As part of his thesis-level body of work about female marital habits and the cultural forces that drive them, my blog friend Dalrock has often commented on a pop-culture narrative that encourages women to delay marriage, and buttresses itself with the argument that living a fabulously single life is going to make them more desirable and effective marital partners (which itself seems to be a projection of the fact that women prefer to marry men older and more established than them).
While I believe anybody who isn’t ready for the commitment and sacrifice involved shouldn’t get married, and those who want to stay single should be free and unmolested to do so, telling a woman for whom marriage is a serious life goal (which is to say most of them) to intentionally blow it off until her late 20’s to “find herself” (or whatever new-age aphorism rationalizes enlightened navel-gazing and middle-class hedonism) is, as quoth Dalrock, a recipe for disaster.

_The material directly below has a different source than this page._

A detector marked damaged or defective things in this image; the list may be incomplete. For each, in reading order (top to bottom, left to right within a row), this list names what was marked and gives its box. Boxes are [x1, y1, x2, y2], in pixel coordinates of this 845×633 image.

One interesting factor here is that the two women have the same state – single. What has changed is their options, and thus their perception of the future. Dalrock commented on this phenomenon as well; he observed that women can play the “I have so many options!” game precisely because they believe it has to end happily; “they assume that marriage to a worthy man is an absolute given.”
On the other side, Dalrock has also elaborated on the concept of “signaling” demand in the marriage market and how it develops (or doesn’t) men who are good performers in marriage – the key ideas being the following:
- Over the entire sexual marketplace, men tend to execute the act of marrying in response to female pressure for marriage.

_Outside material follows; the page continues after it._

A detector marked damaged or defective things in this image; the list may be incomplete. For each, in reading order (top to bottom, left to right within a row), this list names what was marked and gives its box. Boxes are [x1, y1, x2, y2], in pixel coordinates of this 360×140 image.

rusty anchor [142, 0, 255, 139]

- For a man to prepare to be a marketable husband takes years of development of certain traits and attitudes (e.g. leadership, industriousness, domesticity and relationship orientation).
- Those traits sprout and strengthen in response to men’s perception that marriage is a positive, rewarding and expected lifestyle choice
- Women delaying the desire for marriage until their late 20’s means that the corresponding male cohort doesn’t see the signal (or the payoff) for marital fitness until advanced young adulthood either.
If men don’t see any demand (or reward) for them to be husband material (i.e. have good beta traits) until they cross 30, a couple of factors are going to get in the way of that development. First it’s harder to change your life outlook after about age 25. The sort of paradigm plasticity that allows just tends to gum up in a lot of cases. Second, a lot of the benefits of a stable, supportive marriage for a man are in his 20’s – when he’s getting established in his career and his lifestyle. You take a man who is 30 or 35 and tell him to man up and marry who’s decided it’s time she settled down and he’ll say “why? I built this life all by myself, what’s in it for letting someone waltz in and enjoy it with me now who could have gotten in on the ground floor?” It recalls the childhood story of the Little Red Hen.
To make his point, Dalrock references the excellent Solomon II post “The Marriage Zone,” in which the defunct blogger posited a thin time window in which men have the market value to snag a top-quality woman but have not yet habituated themselves to a lifestyle of casual relationships or serial polygyny.
Without a doubt, there’s a lot of schadenfreude in the Manosphere regarding women like Ms. “31.” Some of it is abstract (guys tend to be pragmatic and don’t take well to complaining about the fruits of your own decisions), but much of it is personal, many of these guys having been passed up for the charming rake, or the “fabulously single” lifestyle or “something’s missing” or whatever, only to get desperate calls back when the trappings of monogamy and commitment are at long last her best option.
Anyway, with all of this “I’ve found myself, now where is my husband?!” whining, a backlash is inevitable – even, as above, from other women.